Sang Alpha berbelok di tikungan, mata hijaunya berkilauan nyaris tidak mengandung kebencian. Sebuah luka baru merusak pipinya, aroma darahnya bercampur dengan gelombang amarah yang mengalir dari dirinya. "Itu dia, pengasingan kecilku," ejeknya, rasa sayang itu merupakan ejekan terhadap persahabatan mereka sebelumnya. “Sepertinya tamu kerajaan kita menimbulkan kehebohan. Aku punya tugas khusus untukmu malam ini.”

Saat Darius mendekat, Aria menguatkan dirinya melawan gelombang rasa jijik yang selalu menyertai kehadirannya. Namun di balik rasa takut dan kebenciannya, dia merasakan sesuatu yang lain yang bergejolak – sekilas kesatria seperti dulu, yang terbangun oleh kata-kata Luna dan gema masa lalunya.

Saya masih serigala, pikirnya sengit. Dirantai, tapi tidak putus. Belum.

Tangan Darius melingkari lengannya, cengkeramannya terasa sangat erat. Saat dia membawanya pergi, Aria membiarkan dirinya melirik untuk terakhir kalinya ke arah ceruk tempat Luna berdiri. Tabib itu telah tiada, namun kata-katanya masih tertinggal, secercah harapan dalam kegelapan.

Ingat siapa Anda dulu. Siapa kamu sebenarnya.

Dengan setiap langkah, rantainya tampak sedikit lebih ringan, serigala di dalamnya semakin dekat ke permukaan. Dan di suatu tempat di kompleks itu, kehadiran seorang pangeran menjanjikan perubahan di masa depan. Aria Nightshade, yang pernah menjadi pejuang Shadowmoon Pack yang bangga, mengangkat dagunya dan bersiap menghadapi cobaan apa pun yang mungkin terjadi malam itu.

Gema masa lalunya bukan lagi sekedar pengingat yang menyakitkan – namun menjadi seruan untuk masa depan yang belum ditulis. Saat dia mengikuti Darius menuju aula utama, pikiran Aria berpacu dengan berbagai kemungkinan. Apa pun tugas yang dihadapi sang Alpha, dia akan menemukan cara untuk memanfaatkannya. Waktu untuk bertahan hidup secara pasif telah berakhir.

Malam ini, dia akan mengambil langkah pertama untuk mendapatkan kembali sifat aslinya dan mengungkap kebenaran yang telah terkubur terlalu lama. Liontin Batu Bulan yang tersembunyi di balik pakaian tipisnya tampak berdenyut dengan kehangatan, jimat rahasia dari kekuatan yang tertidur di dalam dirinya.

Saat mereka mendekati aula utama, suara konflik semakin keras. Aria sekilas melihat Pangeran Caius melalui pintu yang terbuka, keagungannya sangat kontras dengan kekacauan yang membara di sekitarnya. Mata mereka bertemu sesaat, dan pada saat itu juga, Aria merasakan hubungan yang melampaui rantainya, janji sekutu di tempat yang tidak terduga.

Cengkeraman Darius semakin erat, cakarnya menusuk kulitnya. "Ingat tempatmu, pengkhianat," desisnya di telinganya. “Satu langkah salah, dan aku akan membuatmu mengharapkan belas kasihan perak.”

Aria tidak berkata apa-apa, tapi jauh di lubuk hatinya, serigalanya melolong menantang. Permainannya berubah, kepingan-kepingan di papan bergeser. Dan dia, Aria Nightshade, tidak lagi puas menjadi pion dalam intrik orang lain.

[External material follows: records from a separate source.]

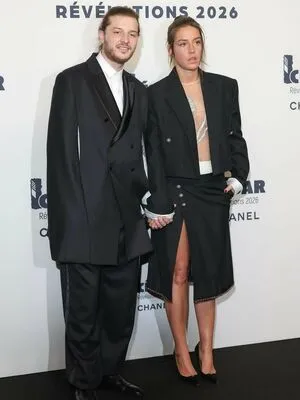 Adele Exarchopoulos OnlyFans Leaked Free Thumbnail Picture - #8xvm8bSDxy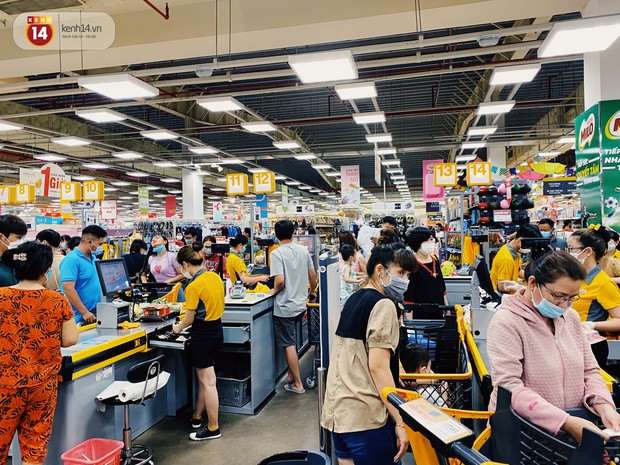 Ảnh: Cả E-mart Sài Gòn tối 2/5 chấn động vì 1 bé Khoai Tây đi lạc, người đông nườm nợp thấy mà choáng! - Ảnh 2.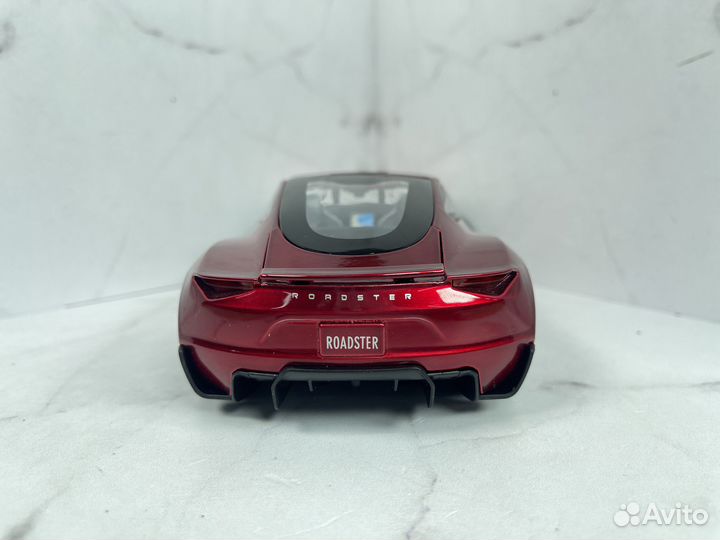 Модель машины Tesla Roadster 1:24 Красная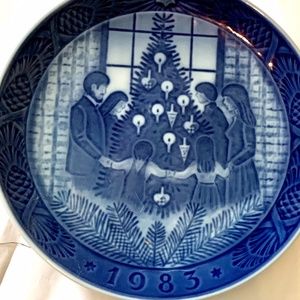 Royal Copenhagen Blue Glade Jul Merry Christmas 1983 dish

Biarkan mereka meremehkannya. Biarkan mereka percaya semangatnya hancur dan kemauannya takluk. Dalam bayang-bayang dan keheningan, dalam gema masa lalunya sebagai pejuang, kekuatan baru mulai berakar. Dan ketika saatnya tiba untuk melepaskan diri dari belenggunya – baik secara harfiah maupun kiasan – Aria akan siap.

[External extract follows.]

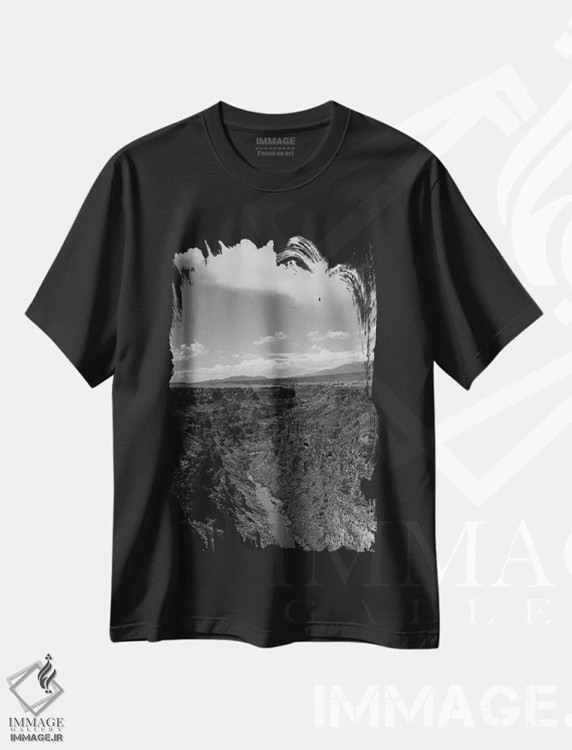 تیشرت مشکی طرح دار دره ریو گراند ۷، مدیوم اثر بثانی یانگ | فروشگاه ایماژ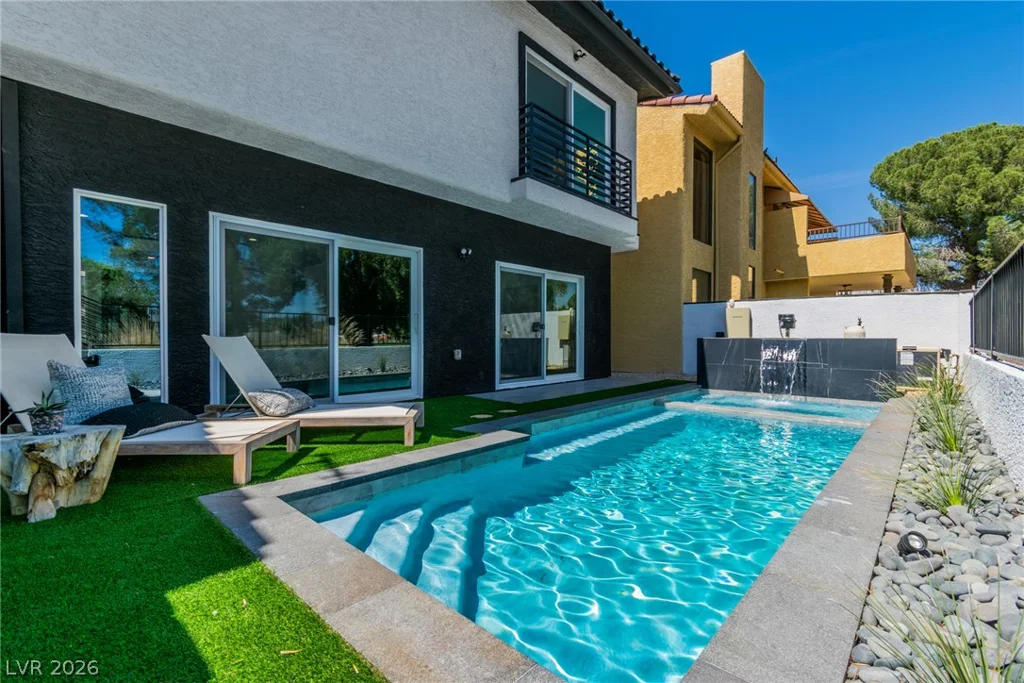 2861 Queens Courtyard, Las Vegas, NV 89109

Ikatan perak mungkin menahan tubuhnya, namun pikirannya, jiwanya, esensinya tetap tidak terputus. Saat dia melangkah ke atmosfer aula utama yang penuh semangat, Aria membiarkan dirinya tersenyum kecil dan rahasia. Perburuan sedang berlangsung, dan kali ini, dia tidak akan menjadi mangsanya.